If you want community, you make it bright. If you want to focus on individual worship, you make it dim.
That is one way to slice it; there are other factors; but with bright lighting there is good cheer and you can see other people's faces. Dimmer lighting creates pensiveness, inward thought, and less awareness of the person beside you.
Both of these environments have their value and beauty.
Greg, good points there. We tend to use intelligent lights etc for the praise part, have a younger congregation so it goes well with the exuberance of praise. Worship tends to be lights up though not bright, creating a warm effect. Worship leaders, band and choir are usually bright, to make them visible.
The auditorium is light enough to be able to see right across, it is a big place. (seats 2200 not including Balcony) During praise not as bright as worship to give the intelligent lights effect. Worship I would say normal light, but as it is an enclosed auditorium the light is controlled to a warm white. Bearing in mind that the stage is bright and there are two overhead screens for the words of songs. Definitely not gloomy.
It appears we have Senior Pastors who allow us to adjust lights at all!

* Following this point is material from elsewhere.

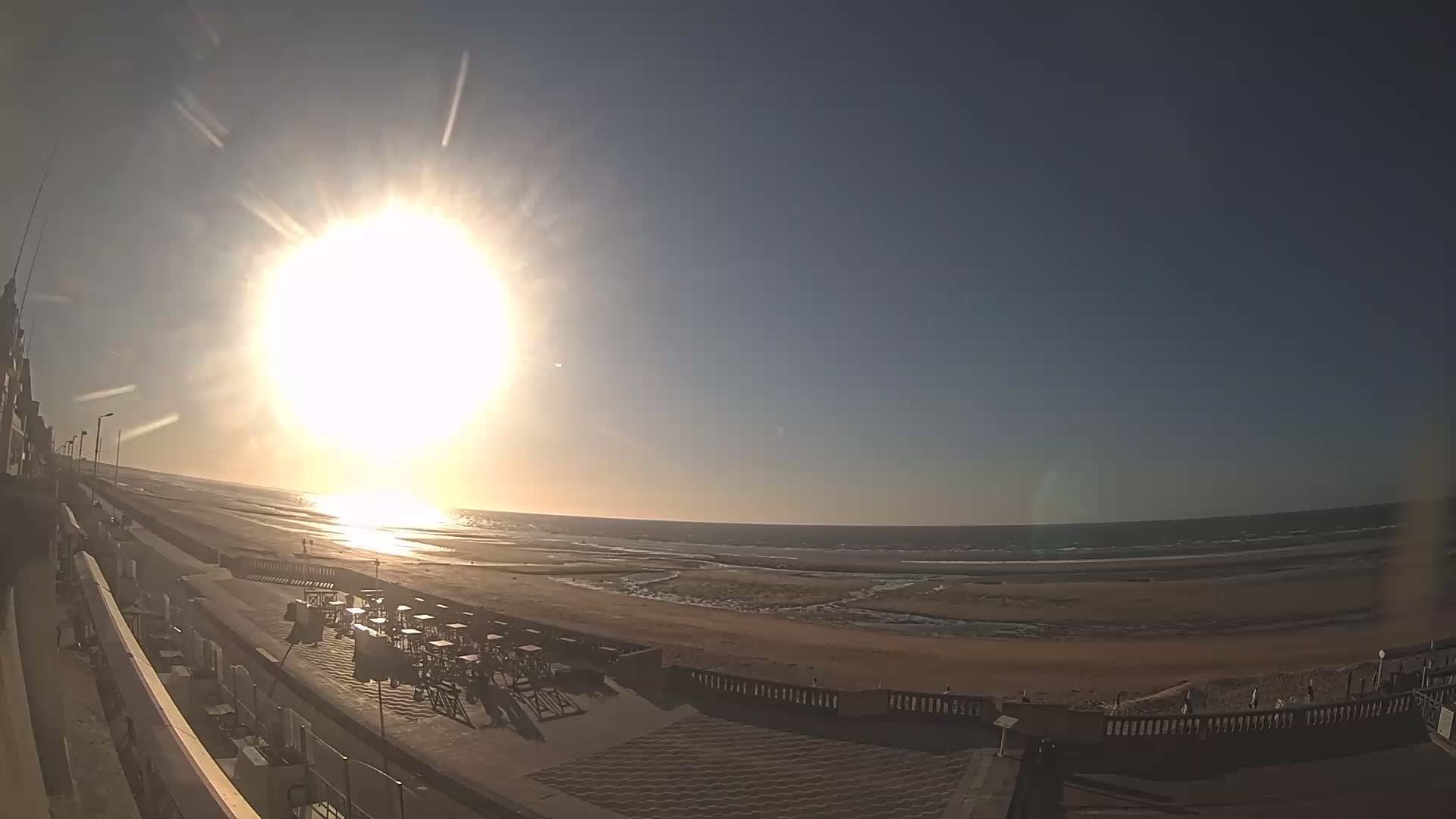 A bright sun shines over a beach with an outdoor patio area containing empty tables and chairs.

Years ago, I had a friend make panels to block light from the Gothic windows for drama productions; but the rest of the time the rule was, lights up (the Pastor distinguished Jesus drama from worship. I'm no longer music guy there, but when I drive by the church I often see the windows panelled in various spots -- they still use those, but now to get the lighting just right.
We are blessed to have senior pastors who are into theatrical productions etc. They understand the role that light, sound and temperature plays in the holistic picture of praise and worship. Try the boil the frog system. Instead of going straight to dim, transition for a period of time with some warm lighting that can still look bright but give a yellow to orange glow. i.e. not your typical brilliant white or blue daylight that fluorescents give. Might need changing of light bulbs or if you use spots some filters on them.
I agree good point Gregg
I'm currently working on some new lighting fixtures for our stage, I will share pictures of the process and the finished product.